By transferring the microscopy data to CADES computing via the BEAM interface, CNMS users gained a 1,000-fold speedup in their analysis, reducing the work to a matter of minutes. A specialized fitting algorithm, which was re-implemented for utilization on HPC resources by ORNL mathematician Eirik Endeve, played a key role in tightening the feedback loop users relied upon to judge whether adjustments needed to be made to their experiment. "We literally reduced a year of data analysis to 10 hours," Lingerfelt said.

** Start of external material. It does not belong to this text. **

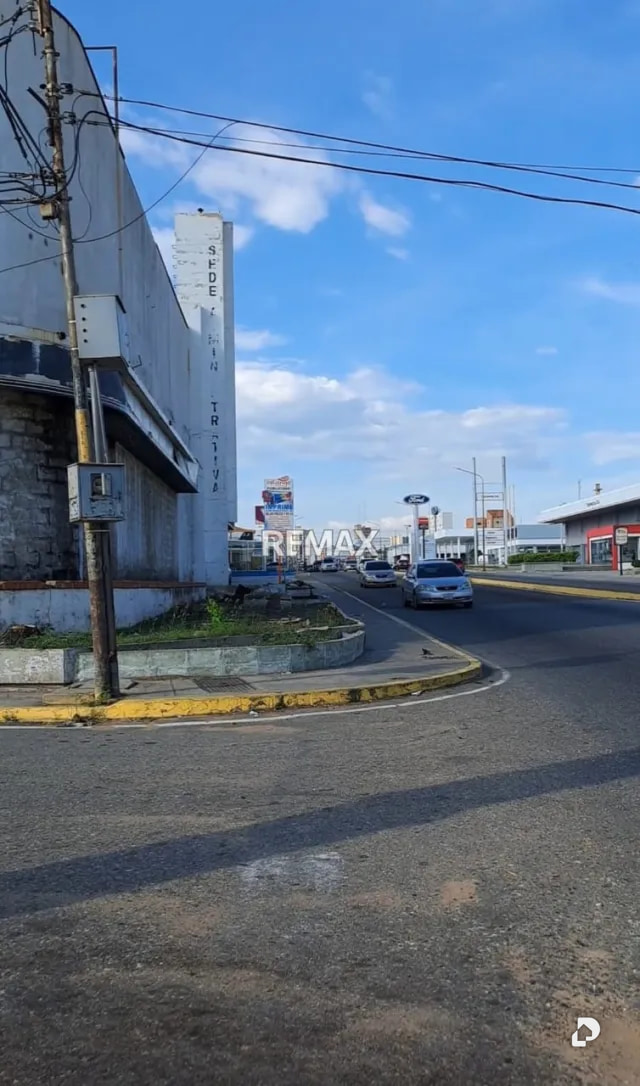 Local comercial en Av 15 Delicias, Maracaibo – 2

BEAM is also proving its worth at SNS—the most intense pulsed neutron beam system in the world—by tightening the interplay between theory and experiment. Working with Jose Borreguero from the Center for Accelerating and Modeling Materials at SNS, the BEAM team created a workflow that allows near-real-time comparison of simulation and neutron scattering data leveraging CADES computing. The feedback helps neutron scientists fine-tune their simulations and guides subsequent experiments. In the future, machine-learning algorithms could fully automate the process, freeing up scientists to focus on other parts of their work. "Humans, however, will still be at the center of the scientific process," Lingerfelt said.
"We're not here to replace every single step in the workflow of a scientific experiment, but we want to develop tools that complement things that scientists are already doing," he said.
Adding to the toolbox
Now that BEAM's infrastructure is in place, Lingerfelt's team is collaborating with advanced mathematics, data, and visualization experts at ORNL to regularly augment the software's toolbox.
"Once we've created a fully functioning suite, we want to open BEAM up to other material scientists who may have their own analysis codes but don't have the expertise to run them on HPC," Lingerfelt said. "Down the line we would like to have an open science materials-analysis library where people can validate analysis results publicly."
Currently Lingerfelt's team is developing a suite of algorithms to conduct multivariate analysis, a highly complex, multidimensional analytic process that sifts through vast amounts of information taken from multiple instruments on the same material sample.
"You need HPC for this type of analysis to even be possible," Jesse said. "We're gaining the ability to analyze high-dimension datasets that weren't analyzable before, and we expect to see properties in materials that weren't visible before."